Джини в нерешительности смотрела на него. Гнев и страх уже оставили ее.
– Я не хотела, чтобы это случилось, – сказала она спокойно, ему в тон. – Ваши предположения на этот счет неуместны. Я люблю другого и ни за что не стала бы – не смогла бы – поощрять ухаживания со стороны кого-то еще. Сейчас это попросту невозможно. И вам следует это понять.
Хоторн смотрел на нее внимательным и грустным взглядом. Его губы тронула улыбка.
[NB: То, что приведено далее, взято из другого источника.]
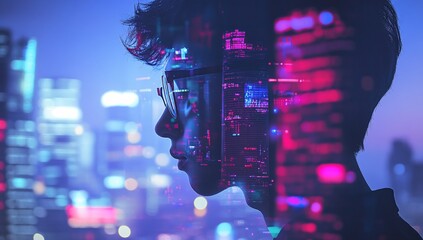 Person silhouette with city and digital data overlay.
– Вы молоды, – проговорил он со странной печалью в голосе. – Вот поживете с мое, тогда осознаете, что даже любовь не такая уж надежная преграда, как кажется. Подобные вещи случаются, прорываясь сквозь любые барьеры: чувство долга, этические нормы и, конечно, любовь. Ни одно из этих понятий не может считаться непроницаемым щитом. – Хоторн ненадолго умолк. – Сейчас вы говорите одно, но можете ли вы поклясться, что через полгода будете утверждать то же самое? А через год? А завтра? Или даже сейчас – если бы я вас еще раз поцеловал?
Он сделал шаг по направлению к ней. Джини не двинулась с места.
– Успокойтесь. Я и пальцем к вам не притронусь. – Хоторн мягко опустил поднятую было руку. – Вот видите: я вполне безобиден. – Он повернулся и открыл дверь. – Но помните, – бросил он через плечо, – я не лгал. И спросите себя, можете ли вы сказать то же самое о самой себе.
Хоторн вышел, плотно притворив за собой дверь, и Джини тут же всем телом навалилась на нее. Ее трясло. Издав нервный, прерывистый вздох, она прижала ладони к груди. До ее слуха донеслись его шаги. Раздался рокот мотора. Должно быть, он опустил стекло – с улицы послышалась музыка: короткая, но ослепительная в своем блеске вспышка Моцарта. И машина уехала. Улица вновь погрузилась в тишину.